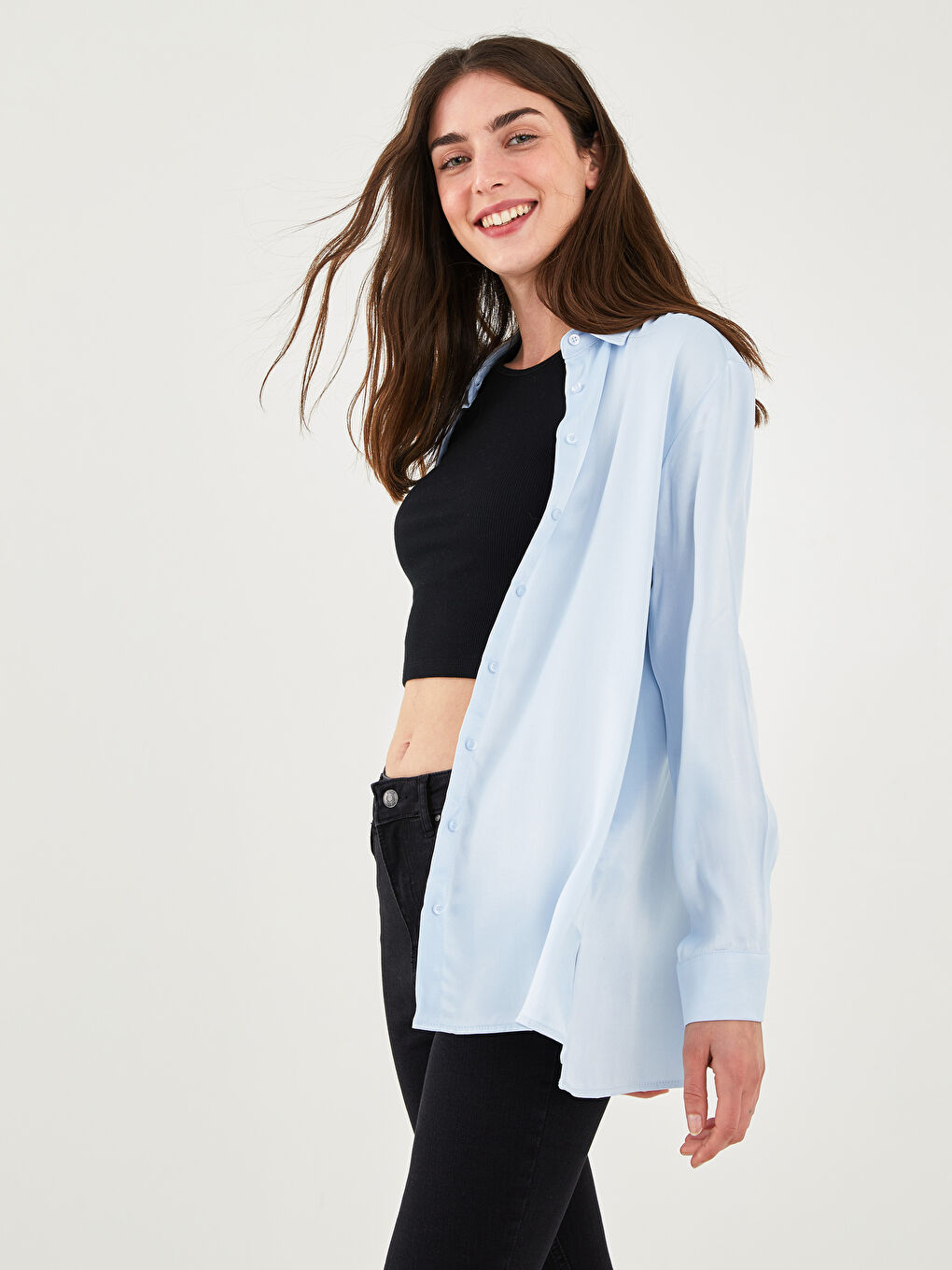Mavi Önden Düğme Kapamalı Düz Uzun Kollu Viskon Kadın Gömlek-1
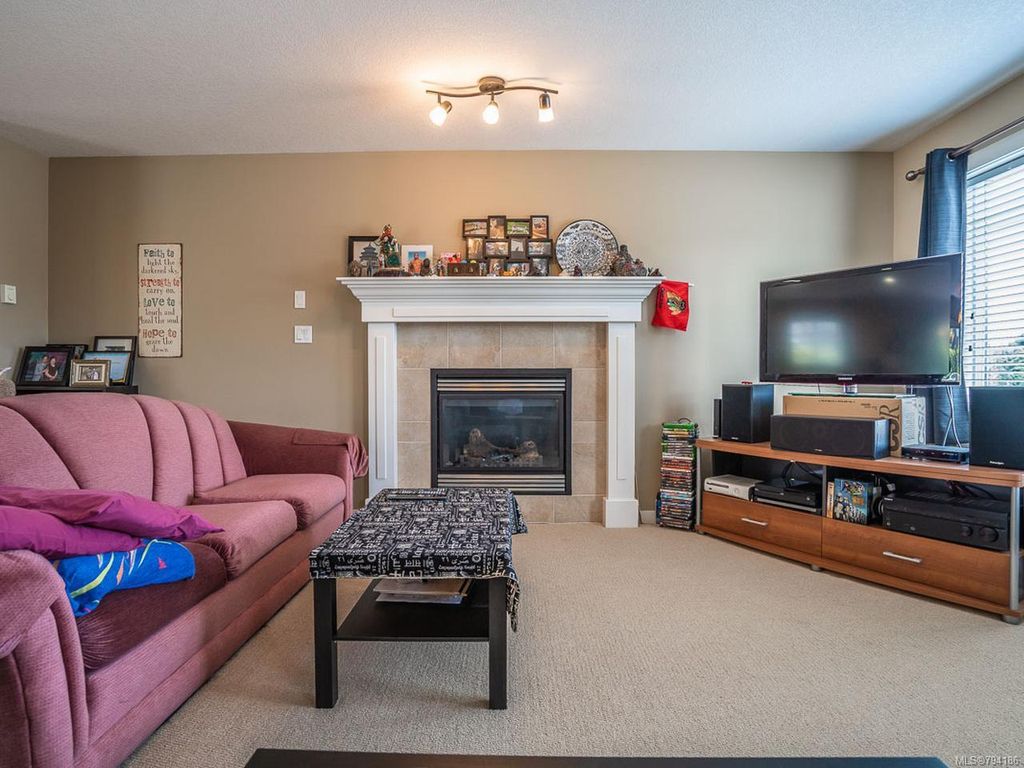 listing image 16041394415877953772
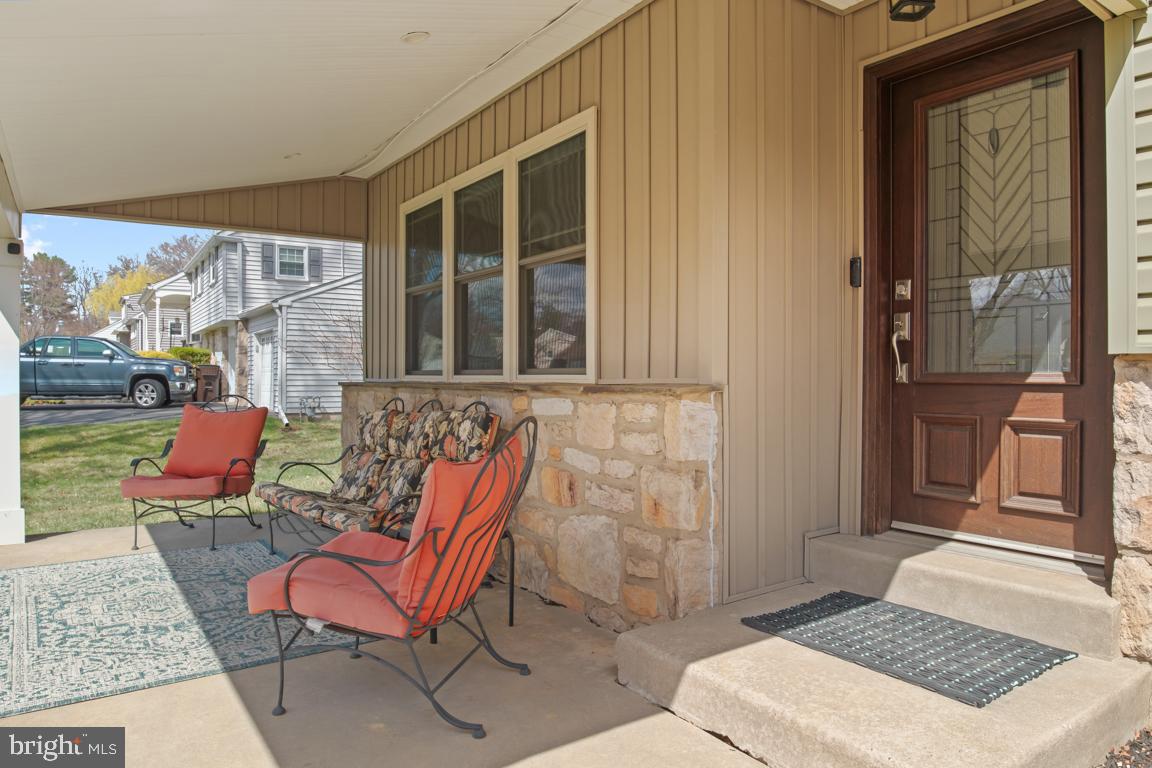 220 Hibbert Road North Wales, PA 19454 - Photo 3 of 39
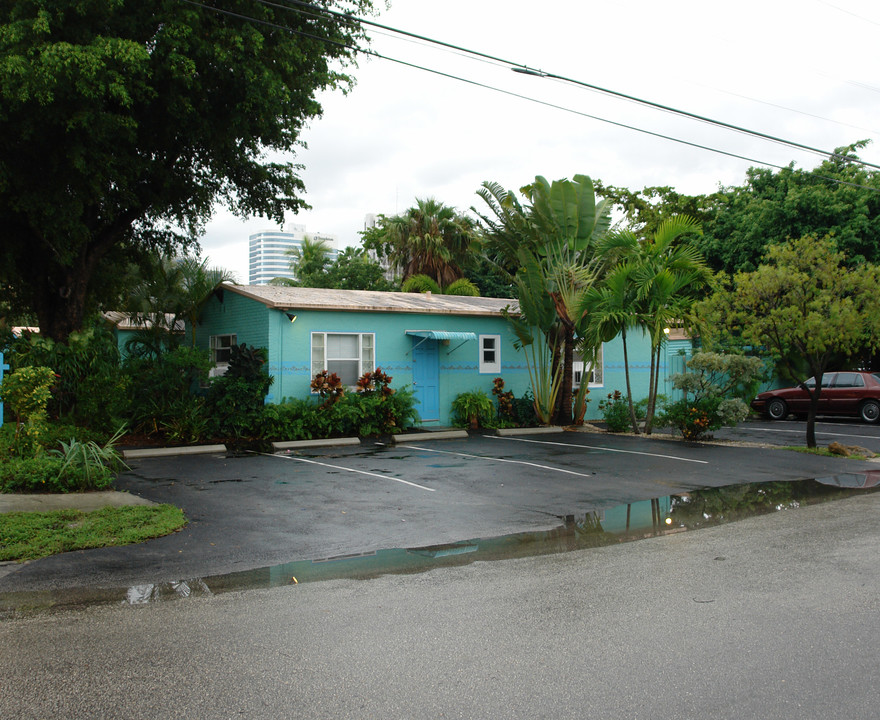 323 NE 7th Ave in Fort Lauderdale, FL - Foto de edificio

# WORK INSTRUCTION
Give the data again exactly as it appears, but without any images.

# ANSWER TO THIS PROBLEM
Mavi Önden Düğme Kapamalı Düz Uzun Kollu Viskon Kadın Gömlek-1
 listing image 16041394415877953772
 220 Hibbert Road North Wales, PA 19454 - Photo 3 of 39
 323 NE 7th Ave in Fort Lauderdale, FL - Foto de edificio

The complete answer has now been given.